After the amputations, she was being treated for wound care for a couple of months to help her foot heal.

 “The wound on the top of my foot was open, and was closing very slowly,” she said. “I had been invited to go on a trip on a houseboat to Lake Powell. I had gotten to where I could move around a bit and I wanted to go. But the doctors said I needed a skin graft.”

That was to keep water out of the wound.

Lundgreen found out that Utah Valley Regional Medical Center was one of a few hospitals in the state with a new piece of equipment that allows a new type of skin graft with fewer aftereffects. “I ended up choosing to do that,” she said. “It doesn’t leave big permanent scarring. I have enough nasty scars now.”

“They said it would take about the same healing time, but there was no anesthesia. It wasn’t painful and there was no scarring,” she said. “It really was great. It didn’t hurt at all.”

Dr. Marc Robins, who performed the skin graft for Lundgreen, said not everybody would have that pain-free experience, although the pain is usually less than with a traditional skin graft. He said he was pleased with the new technology.
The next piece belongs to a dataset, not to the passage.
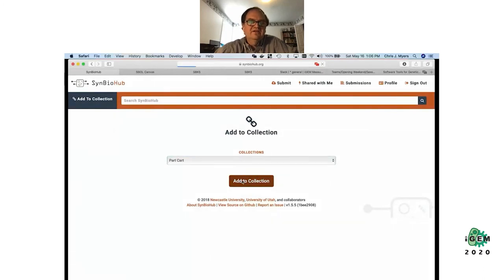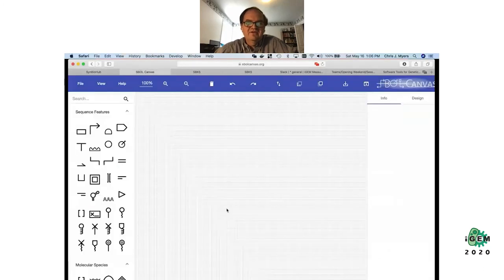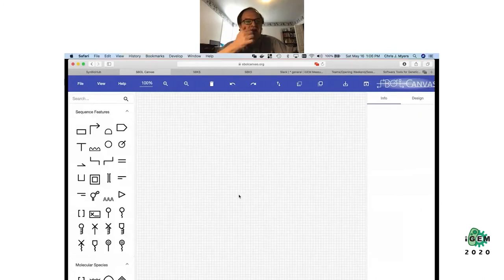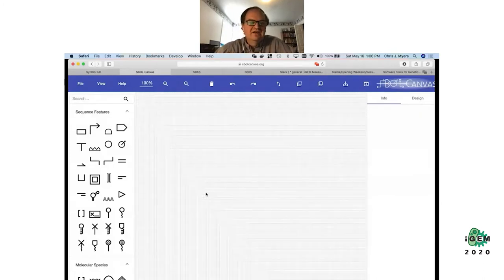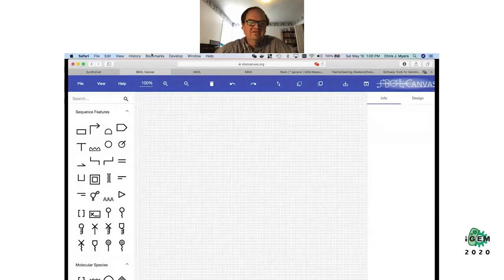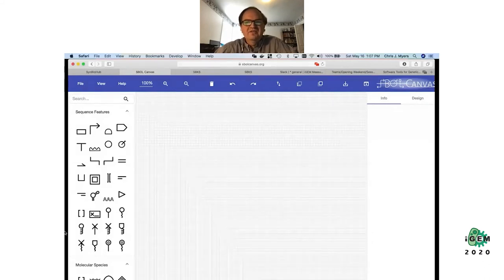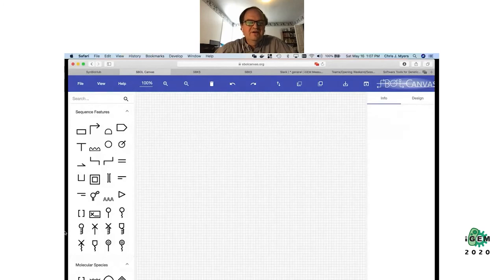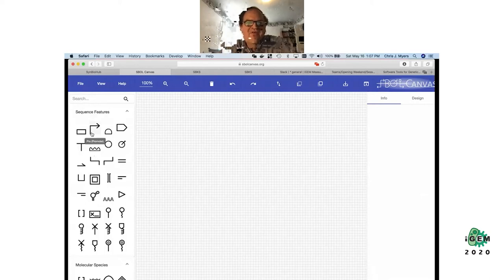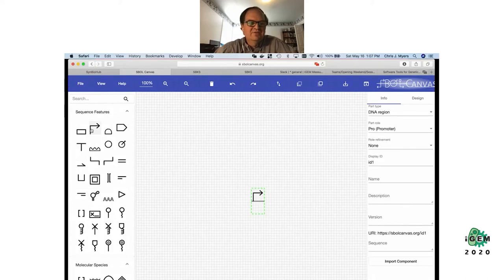Now I've built up my list of parts and I want to go build a genetic design for the toggle switch. I'm going to do that using the SBOL Canvas tool at sbolcanvas.org. This is very new — it was developed by a senior project team at the University of Utah, so it still has a few issues to be worked out, but we're quite excited about it.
“The exciting thing is that it avoids a surgical procedure,” he said. “It is relatively painless. It is a quick and easy office procedure now to do an effective skin graft.” To say that Lundgreen is pleased is an understatement.

“I am pretty happy with it,” she said. “It worked as well but did not have the pain, hassle and scarring. I have had enough pain and scarring. I definitely would recommend it to anyone who is a candidate. It is easier.”

Missing a good portion of the toes on one foot has called a stop to her rock climbing, but other activities are continuing.

“I am back to snowboarding, longboarding and surfing,” she said.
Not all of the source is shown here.